(Information shown Opens)
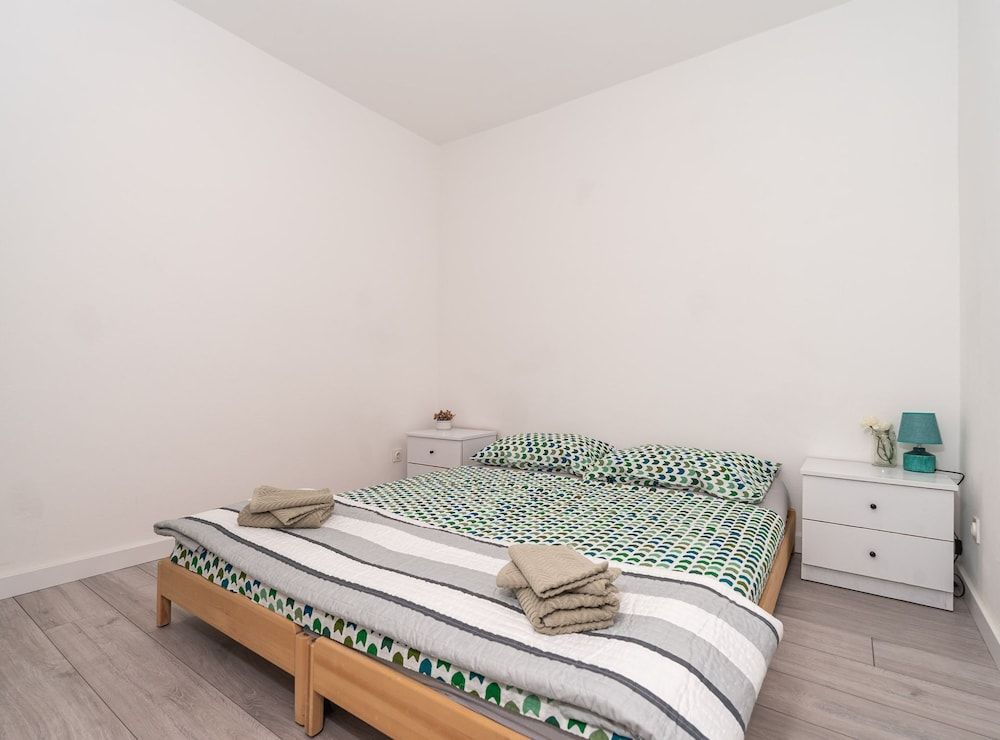 Apartment (One Bedroom Ranch House)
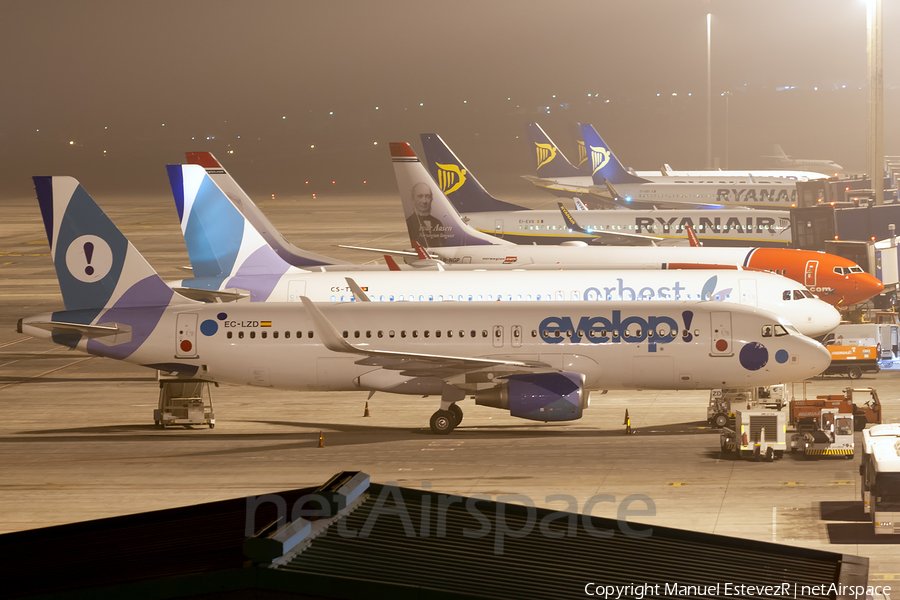 Aviation photo 377109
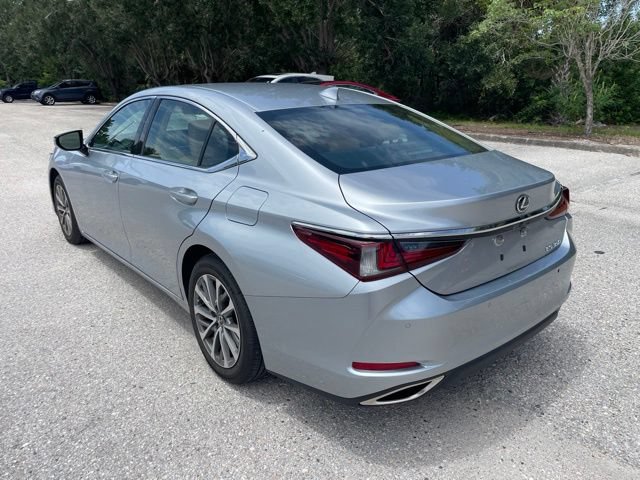 Used 2023 Lexus ES 350 w/ Premium Package FWD image 4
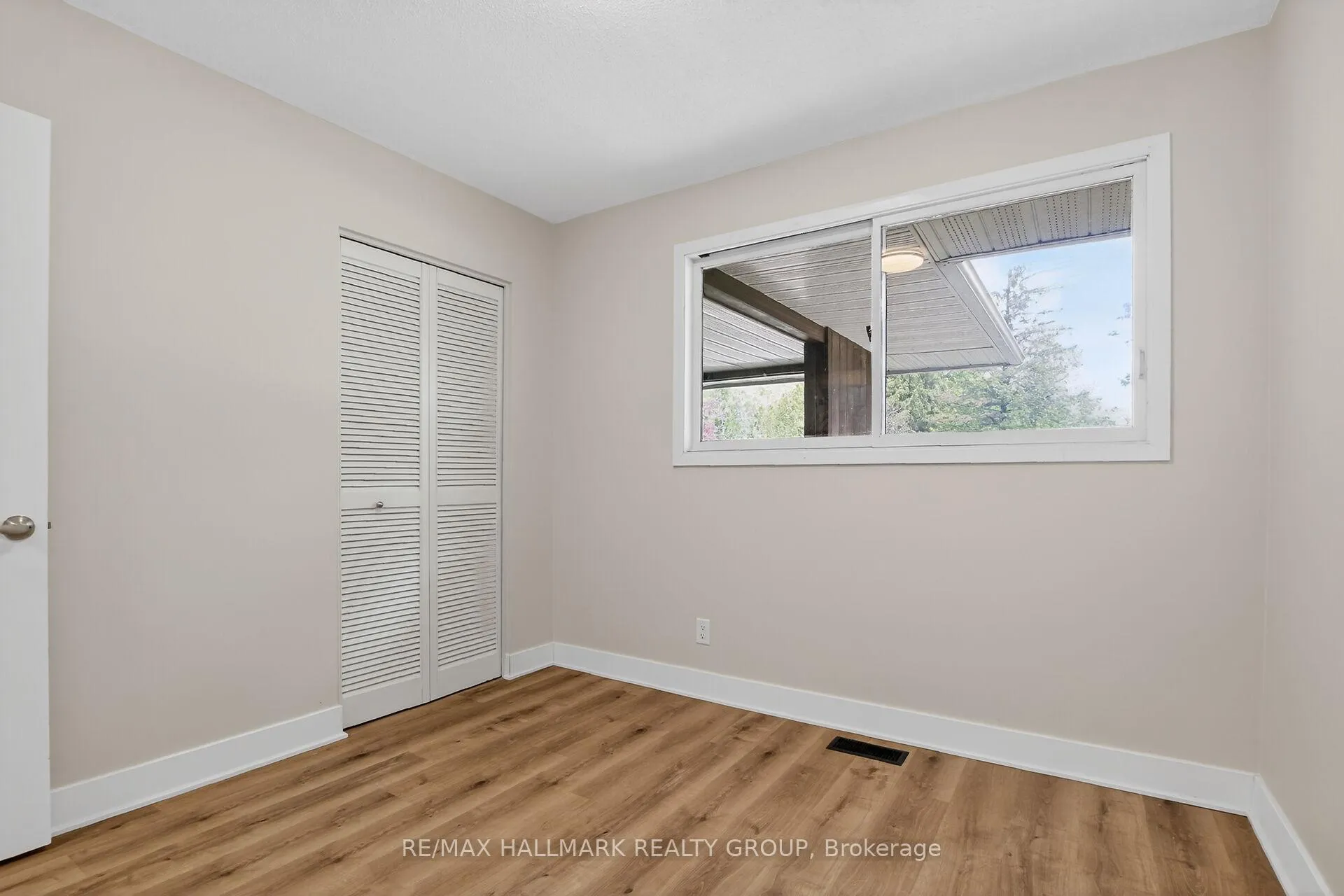 Photo 20 of 2 Birdstone Avenue, Ottawa, Stittsville (Central) — HOMEH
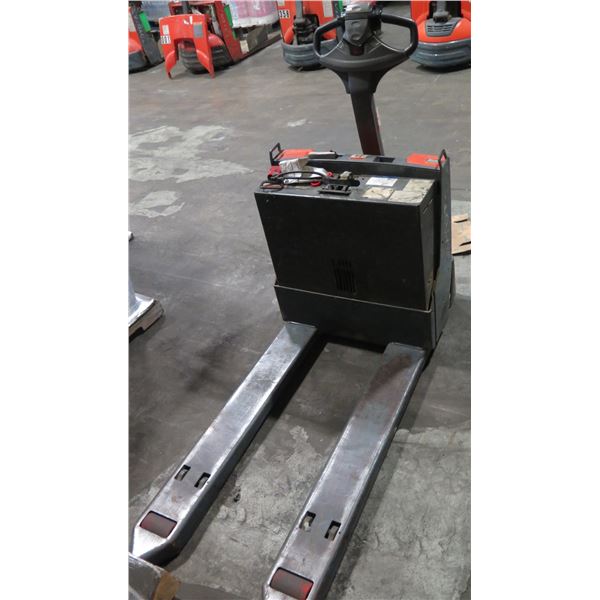 Toyota 8HBW23 Electric Truck Pallet Jack (powers on, does not run)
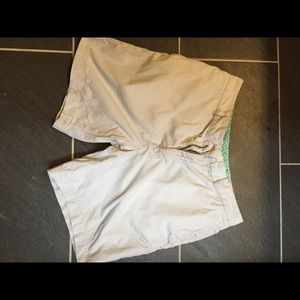 Vineyard vines men's shorts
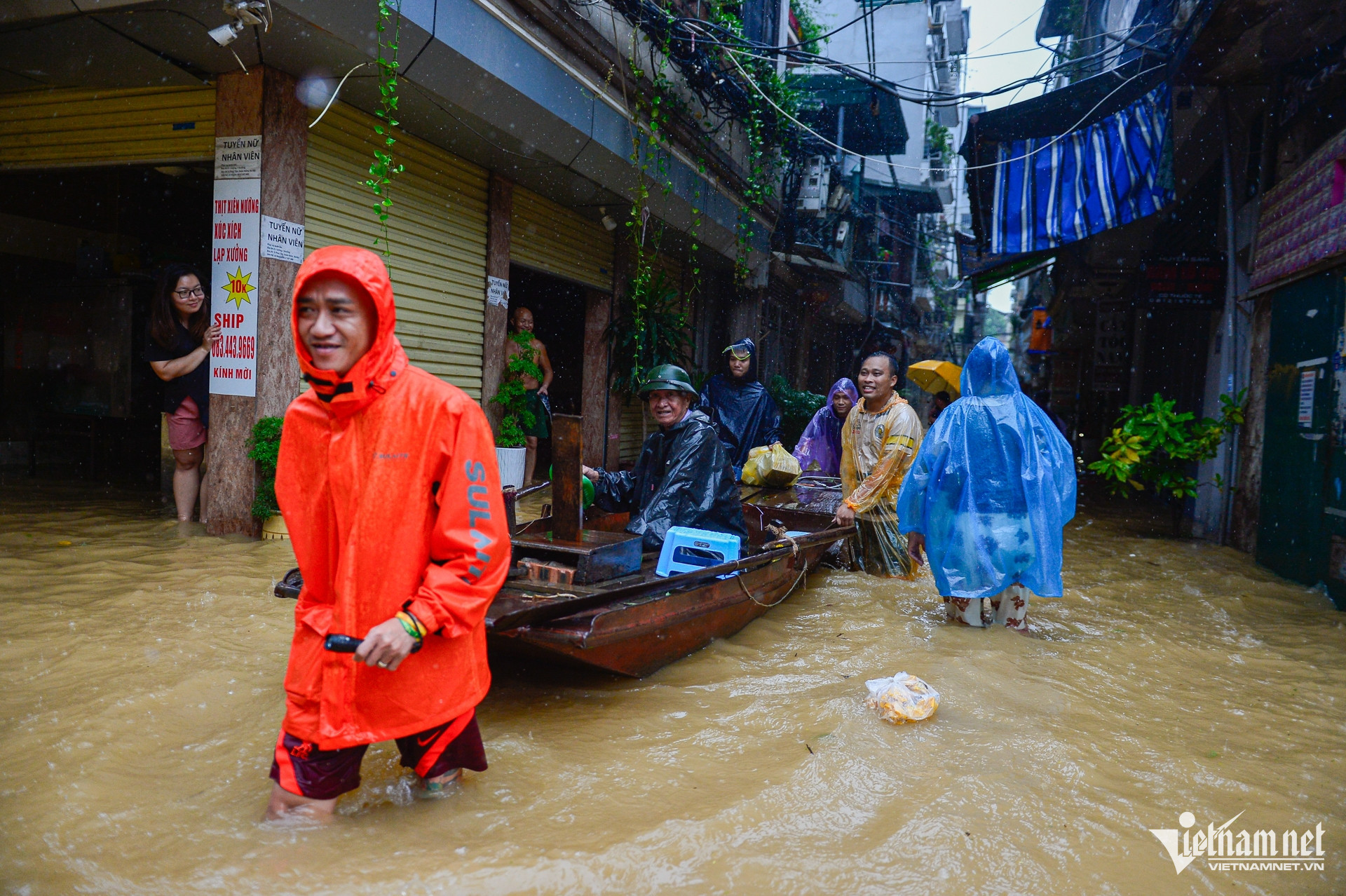 W-Ngập Hà Nội_ 11.jpg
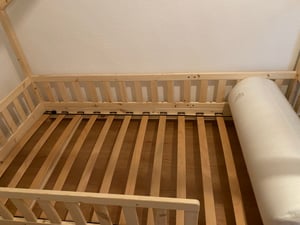 Crazy Pine Hausbett mit Schubladen 90x190 cm – Kinderbett aus Naturholz in Weiß – Bodenbett mit Stauraum und Abnehmbarer Barriere - Crazy House Kunden-Foto 10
(Information shown Closes)
**Task directions:**
Beginning with the line that contains "W-Ngập Hà Nội_ 11.jpg" and ending with the last line of the data, restate each line word for word. Exclude the pictures.

**Written solution:**
 W-Ngập Hà Nội_ 11.jpg
 Crazy Pine Hausbett mit Schubladen 90x190 cm – Kinderbett aus Naturholz in Weiß – Bodenbett mit Stauraum und Abnehmbarer Barriere - Crazy House Kunden-Foto 10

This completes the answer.